What the task asks :: From the first line to the last, reproduce the records below exactly, omitting any picture.

[Caption-style text data]

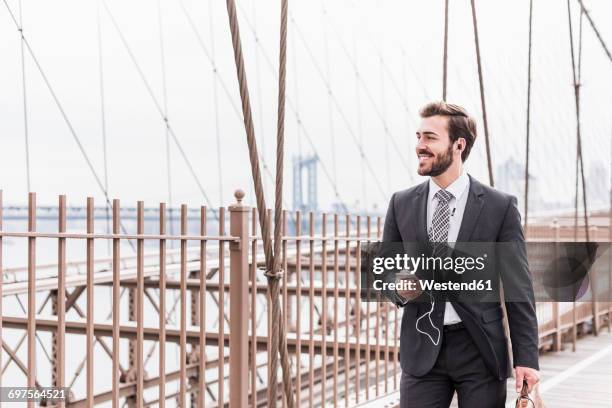 usa, new york city, smiling businessman with cell phone and earbuds on brooklyn bridge - walking on brooklyn bridge stock pictures, royalty-free photos & images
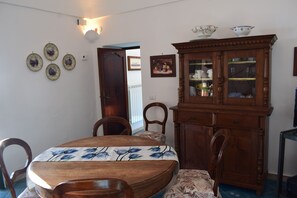 A dining area with a wooden table and chairs, a cabinet with glass doors, and wall-mounted plates. - La Fiorita: an oasis of tranquility between the sky and the sea in Positano (Positano)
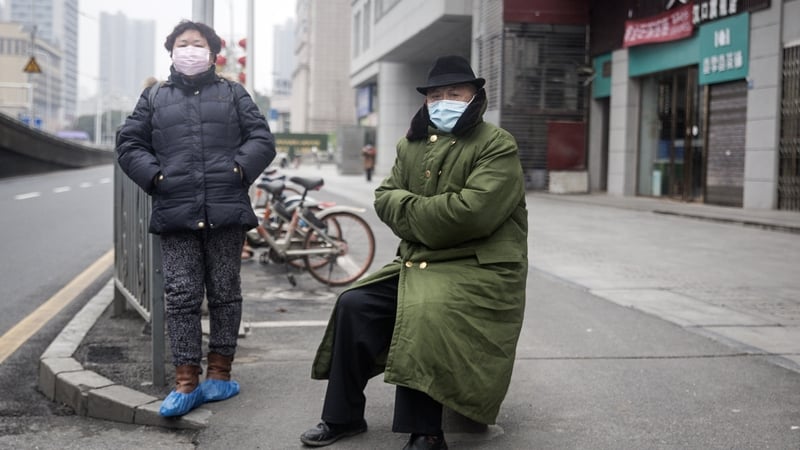Two residents wear protective masks in Wuhan shortly after the outbreak began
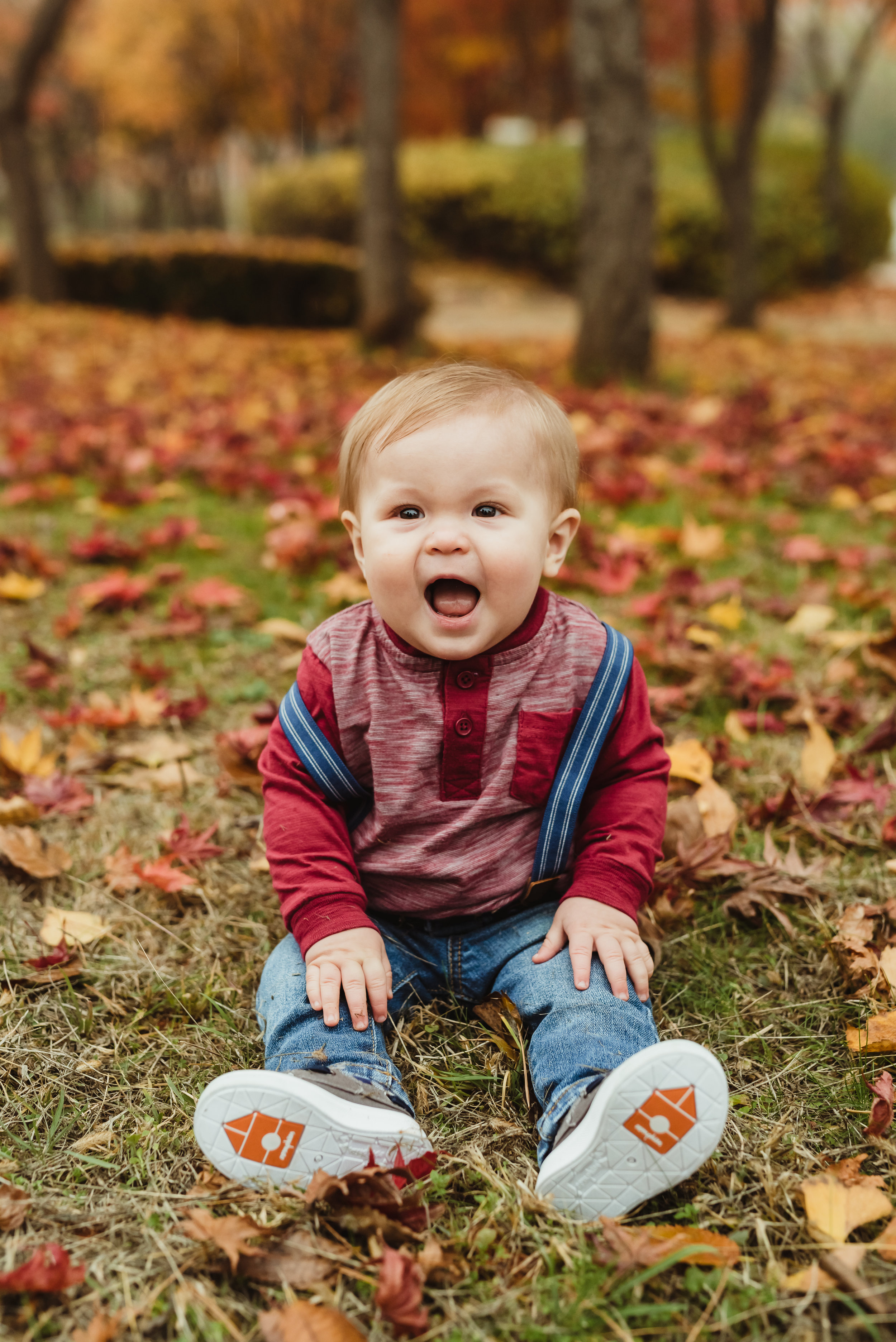 happy baby boy in some fall leaves with junebug photography studio in manhattan, ks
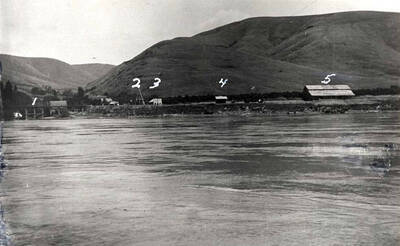 Looking east across Snake River at Wawawai, Washington early 1900s. 1- Oregon Railroad & Navigation Company bridge across creek. See road at right under bridge going to ferry. 2- Tower supporting ferry cable. 3- Wawawai store and post office. 4- Oregon Railroad and Navigation Company depot. 5- Fruit packing building. Picture furnished by Ester Smith, Pullman, Washington.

Solved problem ::
 usa, new york city, smiling businessman with cell phone and earbuds on brooklyn bridge - walking on brooklyn bridge stock pictures, royalty-free photos & images
 A dining area with a wooden table and chairs, a cabinet with glass doors, and wall-mounted plates. - La Fiorita: an oasis of tranquility between the sky and the sea in Positano (Positano)
Two residents wear protective masks in Wuhan shortly after the outbreak began
 happy baby boy in some fall leaves with junebug photography studio in manhattan, ks
 Looking east across Snake River at Wawawai, Washington early 1900s. 1- Oregon Railroad & Navigation Company bridge across creek. See road at right under bridge going to ferry. 2- Tower supporting ferry cable. 3- Wawawai store and post office. 4- Oregon Railroad and Navigation Company depot. 5- Fruit packing building. Picture furnished by Ester Smith, Pullman, Washington.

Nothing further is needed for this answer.